On the determinant of a certain matrix over the polynomial ring of $n$ variables over a field

Question

Let $A = k[x_1,\dots, x_n]$ be a polynomial ring over a field $k$. Let $\sigma_1,\dots,\sigma_n$ be distinct permutations of the set $\{1,\dots,n\}$. Is the determinant det$(x_{\sigma_i(j)})$ non-zero in $A$?

The motivation came from one of the proofs of the normal basis theorem on a finite Galois extension of a field.

Let $K/k$ be a finite Galois extension of a field $k$, $G$ its Galois group. Let $\sigma_1, \dots, \sigma_n$ be the elements of $G$. We assign a variable $x_i$ for each $\sigma_i$. The proof uses the fact that det$(x_{\sigma_i\sigma_j}) \ne 0$ in $k[x_1,\dots,x_n]$, where we identify $x_i$ with $x_{\sigma_i}$.

I also want to know a proof of this fact.

Answer 1

No. Set $n=4$ and take the following permutations: $\sigma_1=e$, $\sigma_2=(1\ 2)$, $\sigma_3=(3\ 4)$, and $\sigma_4=(1\ 2)(3\ 4)$.

For the second part of the question notice the following: since $\sigma_i\sigma_j\in G$ there is $a_{ij}\in\{1,\dots,n\}$ such that $\sigma_i\sigma_j=\sigma_{a_{ij}}$. Moreover, $a_{ij_1}\ne a_{ij_2}$ for $j_1\ne j_2$, and $a_{i_1j}\ne a_{i_2j}$ for $i_1\ne i_2$. (If $a_{ij_1}=a_{ij_2}$, then $\sigma_i\sigma_{j_1}=\sigma_i\sigma_{j_2}$ and therefore $\sigma_{j_1}=\sigma_{j_2}$, so $j_1=j_2$.) This shows that the row and the column indices of the matrix $(x_{a_{ij}})$ represent distinct permutations of $\{1,\dots,n\}$.
Now suppose $\det(x_{\sigma_i\sigma_j})=0$. Then, for $x_1=1$, and $x_2=\cdots=x_n=0$ we get the determinant of a $0,1$ matrix which is necessarily equal to zero. But how does this matrix look like?

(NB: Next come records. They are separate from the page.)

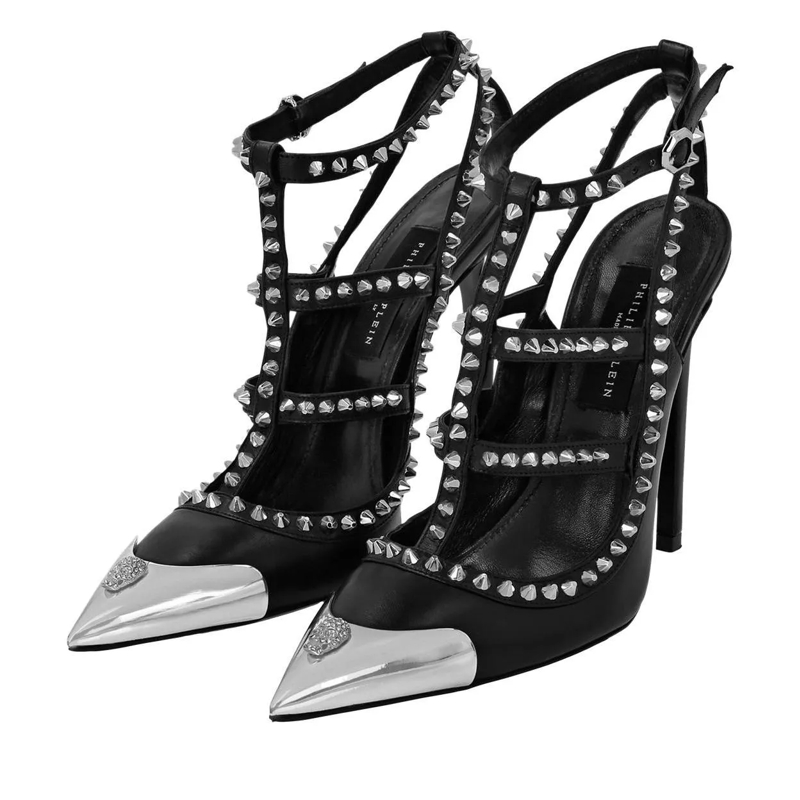 Philipp Plein Riemchensandalen Sandaletten Skull Mit Nietenverzierungen schwarz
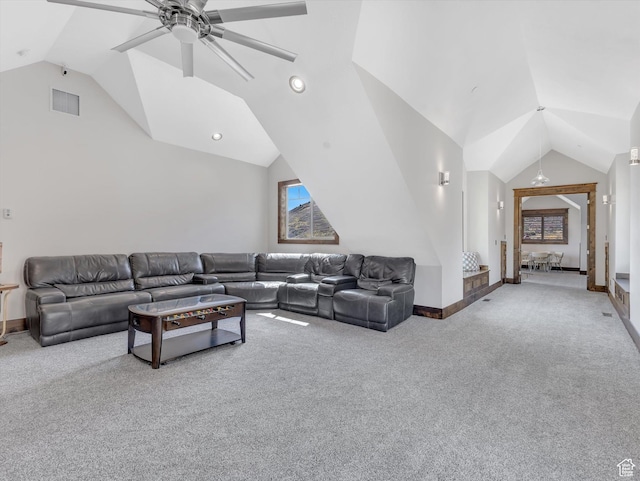 15146 S Secret Canyon Cir, Herriman, UT 84096 - living room featuring vaulted ceiling, a ceiling fan, visible vents, and carpet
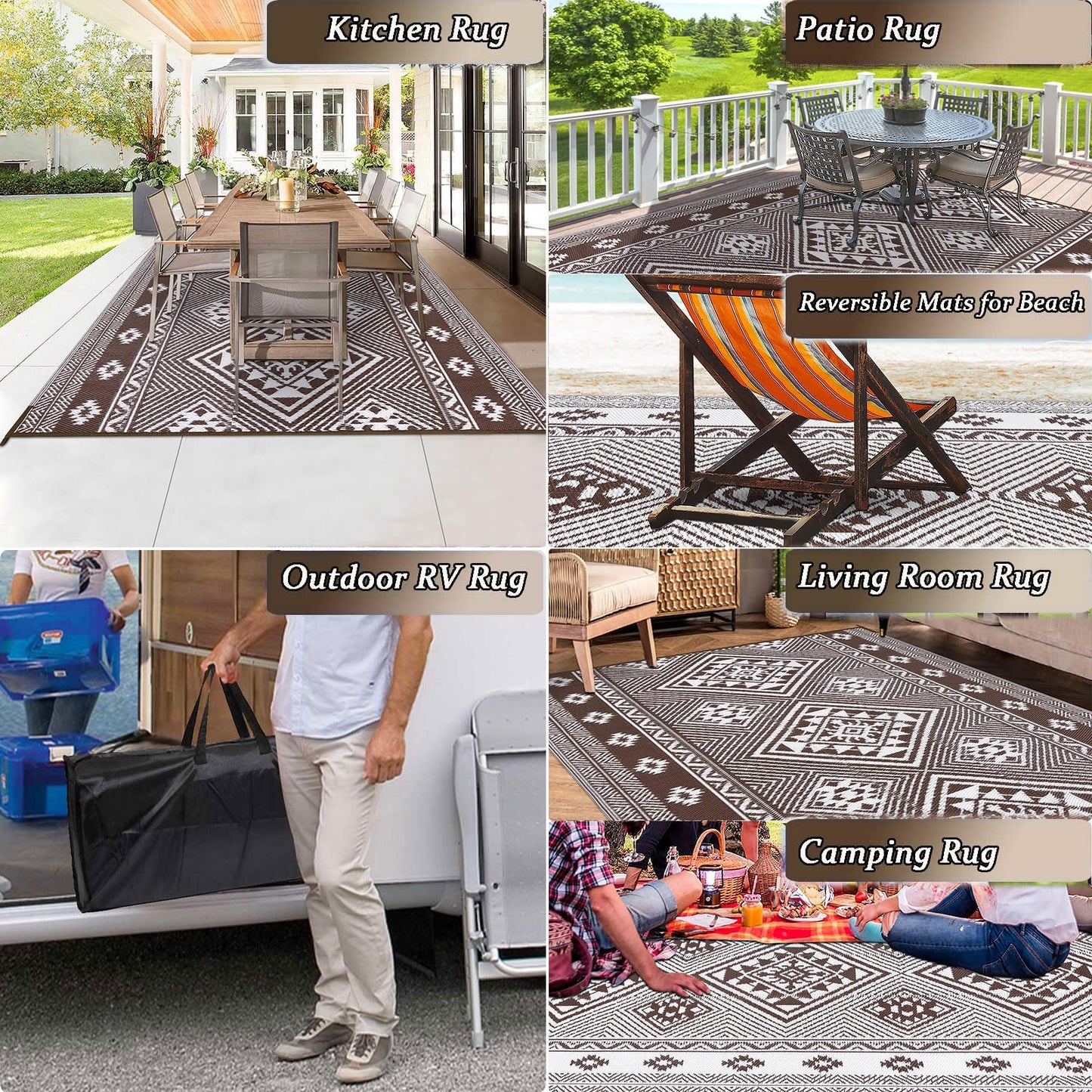 HiiARug Outdoor Rug for Patios Clearance 6'x9' Plastic Straw Rug Waterproof Reversible RV Mat Outdoor Area Rugs for RV, Backyard, Deck, Camping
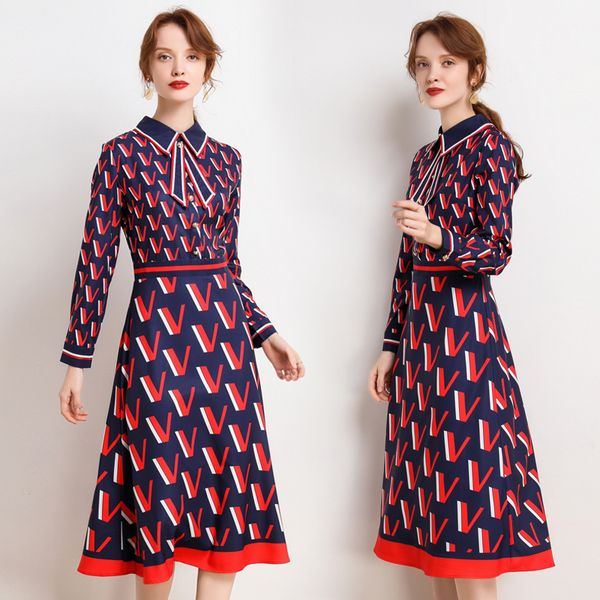 

2020 blue runway designer dress women long sleeve lapel neck printed party prom ladies button shirt dress elegant office a-line dresses, Black;pink
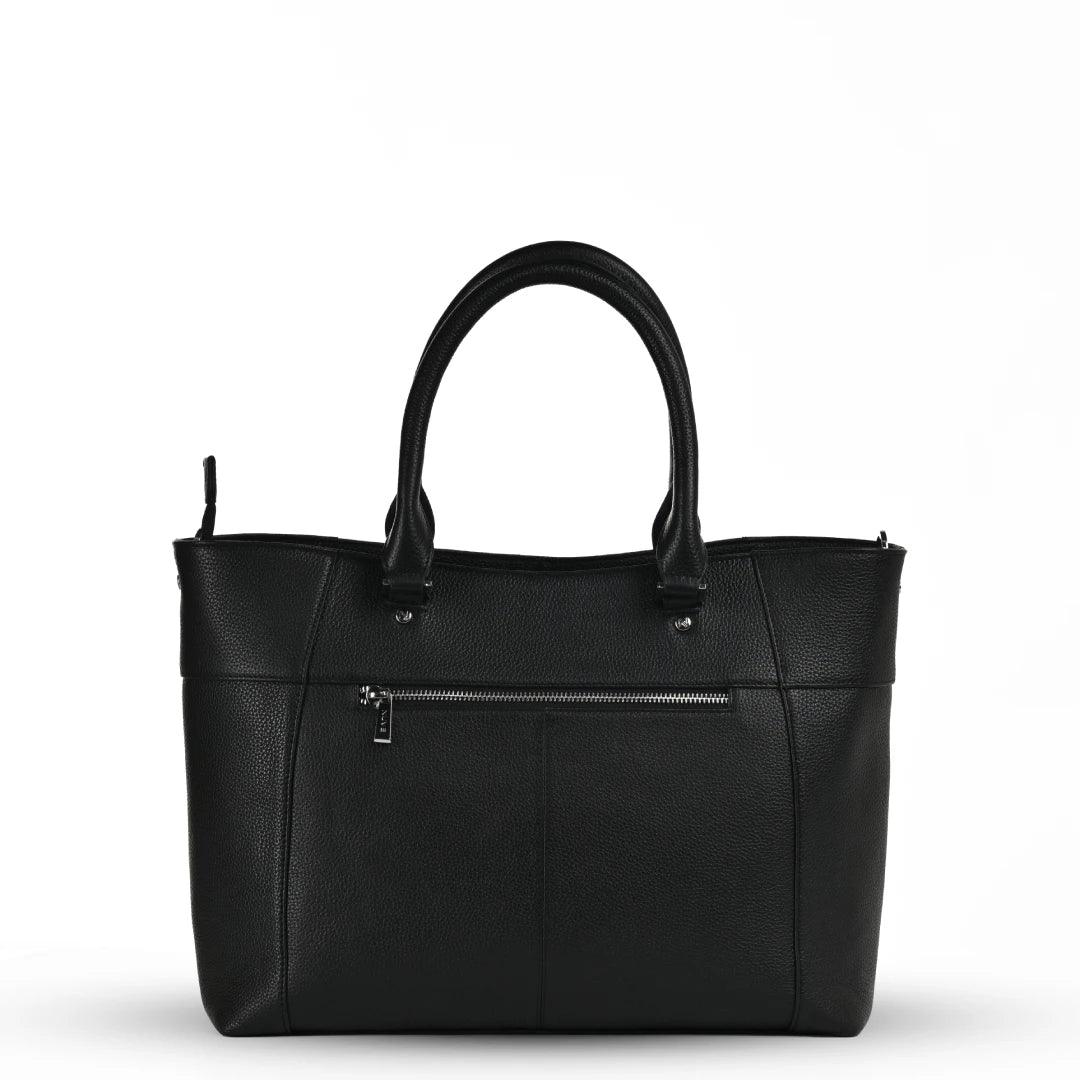 NUVE Genuine Leather Tote Bag for Female - Structured Laptop Carrier - Black
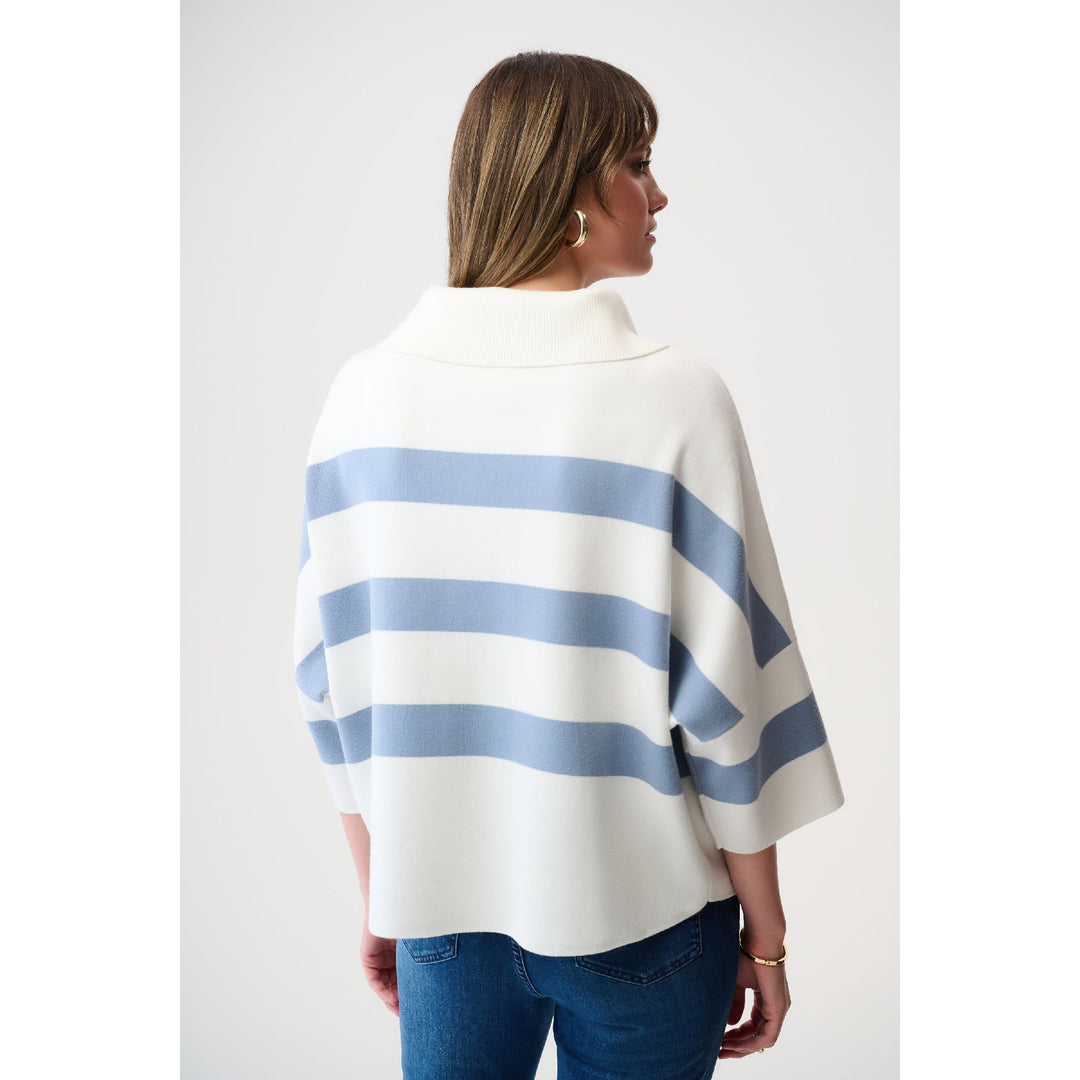 Brushed Viscose Stripe Print Boxy Sweater with Zipped Collar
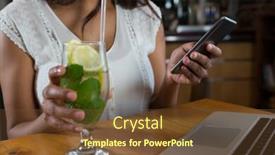  Presentation with phone - Amazing presentation theme having mid-section-of-woman-using backdrop and a tawny brown colored foreground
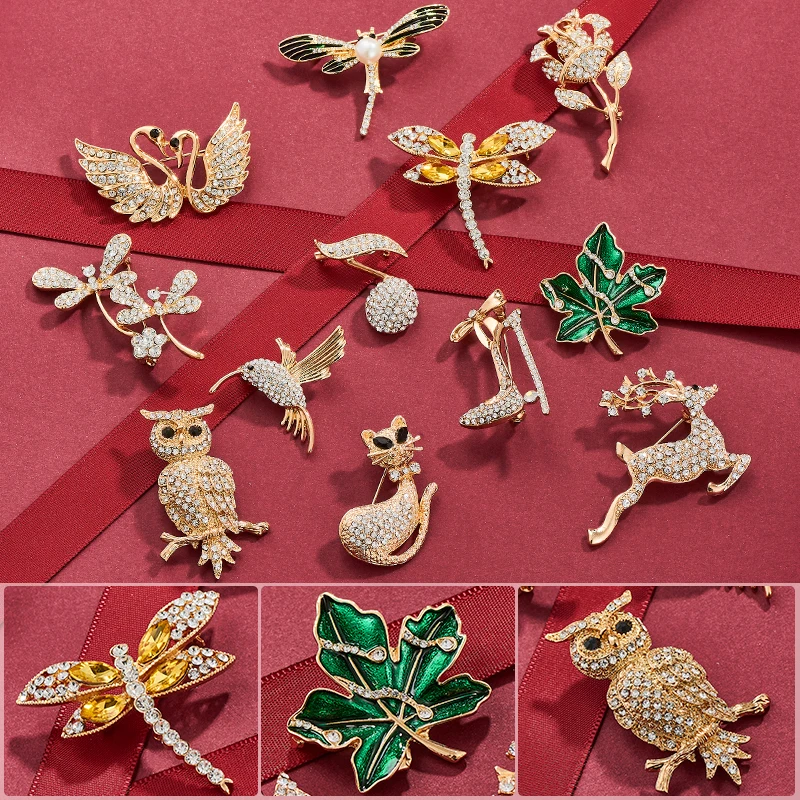 Модные броши с лебедями в виде оленя кота птицы бабочки для мужчин Мультяшные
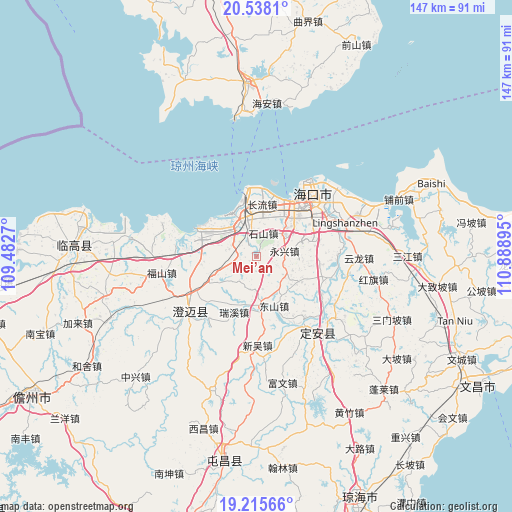 Mei’an on map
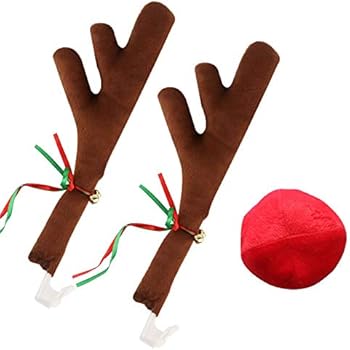 Car Reindeer Antlers Christmas Vehicle Costume with Jingle Bells and Nose for Car Accessories (2)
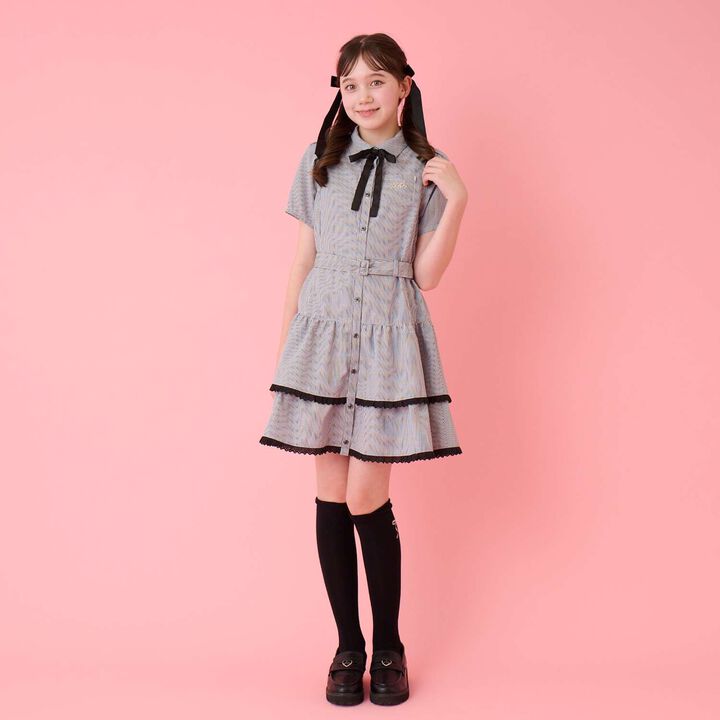 Ribbon & Logo Knee-High Socks,Silver gray, medium image number 15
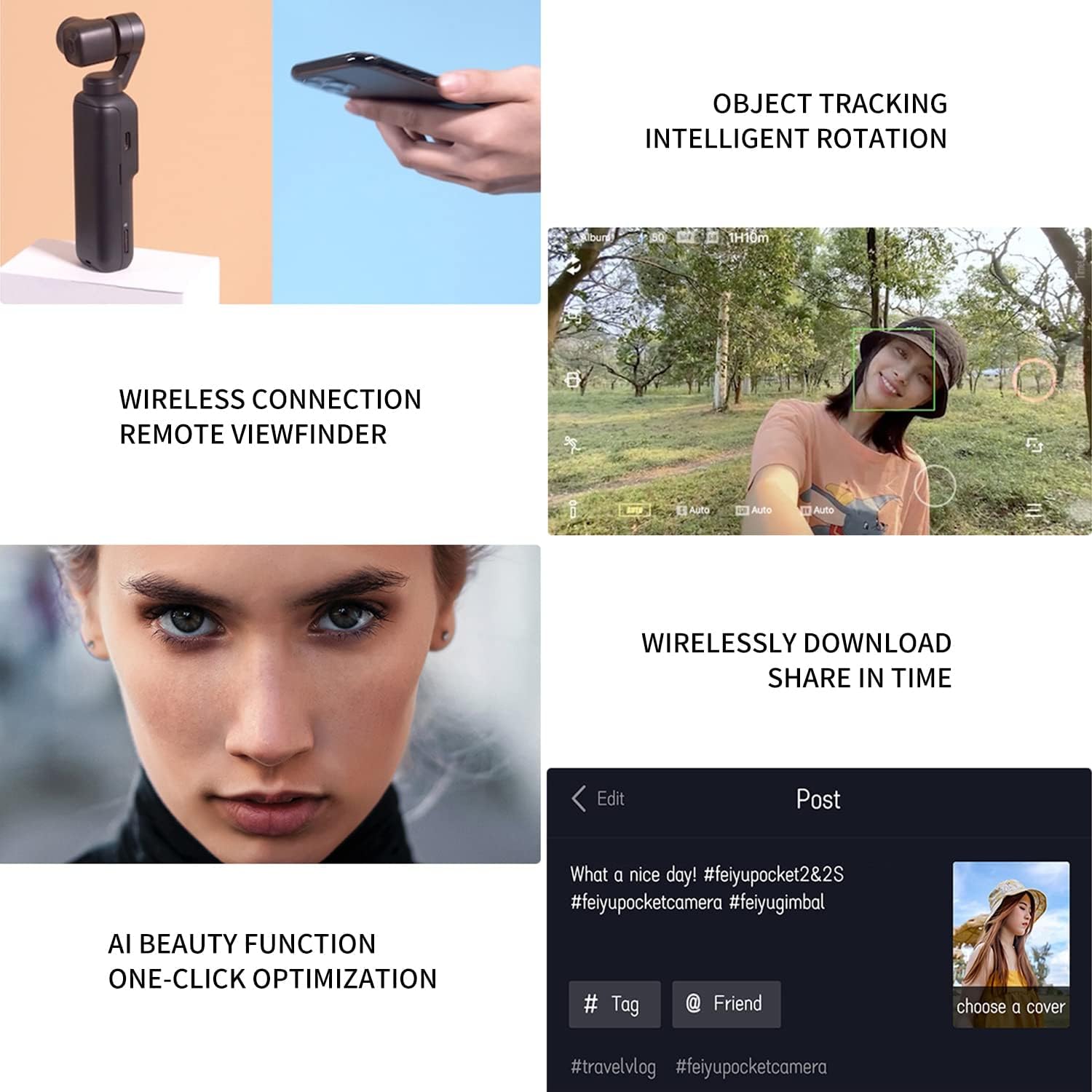FeiyuTech Pocket 2 Wireless Connection and AI Beauty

Well, it has a $1$ on each row (and the other $n-1$ entries are $0$). Now we wonder whether two $1$'s can be on the same column, and the answer is no. (Why?) But such a matrix has non-zero determinant, being a permutation matrix (that is, a matrix obtained from the unit matrix by permuting its rows and columns).

Answer 2

Counterexample to the first question: Set $n = 5$, and let $\sigma_1, \sigma_2, \ldots, \sigma_5$ be five distinct permutations fixing $4$ and $5$ (there are six such permutations in total, and you are free to pick any five of them). The matrix will then have its fourth column filled with $x_4$'s and its fifth column filled with $x_5$'s; this does not bide well for its determinant.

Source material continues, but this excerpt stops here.